Data excerpts

______

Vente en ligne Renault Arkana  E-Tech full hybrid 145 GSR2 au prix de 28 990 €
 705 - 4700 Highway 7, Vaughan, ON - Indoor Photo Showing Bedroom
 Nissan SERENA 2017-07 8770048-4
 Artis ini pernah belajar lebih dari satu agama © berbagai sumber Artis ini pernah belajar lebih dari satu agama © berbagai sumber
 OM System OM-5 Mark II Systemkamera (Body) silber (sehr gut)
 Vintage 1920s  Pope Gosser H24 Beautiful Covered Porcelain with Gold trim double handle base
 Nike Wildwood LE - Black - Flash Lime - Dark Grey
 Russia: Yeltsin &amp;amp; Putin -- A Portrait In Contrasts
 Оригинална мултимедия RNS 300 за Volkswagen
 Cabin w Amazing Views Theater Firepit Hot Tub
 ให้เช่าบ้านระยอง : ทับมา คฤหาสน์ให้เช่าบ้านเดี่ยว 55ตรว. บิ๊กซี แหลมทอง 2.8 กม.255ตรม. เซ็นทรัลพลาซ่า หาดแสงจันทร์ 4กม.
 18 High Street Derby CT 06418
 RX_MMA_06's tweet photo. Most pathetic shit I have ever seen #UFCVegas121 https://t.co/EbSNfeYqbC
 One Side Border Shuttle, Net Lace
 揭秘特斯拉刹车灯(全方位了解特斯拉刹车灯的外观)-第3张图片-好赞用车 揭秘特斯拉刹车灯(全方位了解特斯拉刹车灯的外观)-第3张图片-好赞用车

______

**Required work**: Output, and output only, the lines from the one containing "ให้เช่าบ้านระยอง : ทับมา" through the last line of the data above.

**Answer section**:
 ให้เช่าบ้านระยอง : ทับมา คฤหาสน์ให้เช่าบ้านเดี่ยว 55ตรว. บิ๊กซี แหลมทอง 2.8 กม.255ตรม. เซ็นทรัลพลาซ่า หาดแสงจันทร์ 4กม.
 18 High Street Derby CT 06418
 RX_MMA_06's tweet photo. Most pathetic shit I have ever seen #UFCVegas121 https://t.co/EbSNfeYqbC
 One Side Border Shuttle, Net Lace
 揭秘特斯拉刹车灯(全方位了解特斯拉刹车灯的外观)-第3张图片-好赞用车 揭秘特斯拉刹车灯(全方位了解特斯拉刹车灯的外观)-第3张图片-好赞用车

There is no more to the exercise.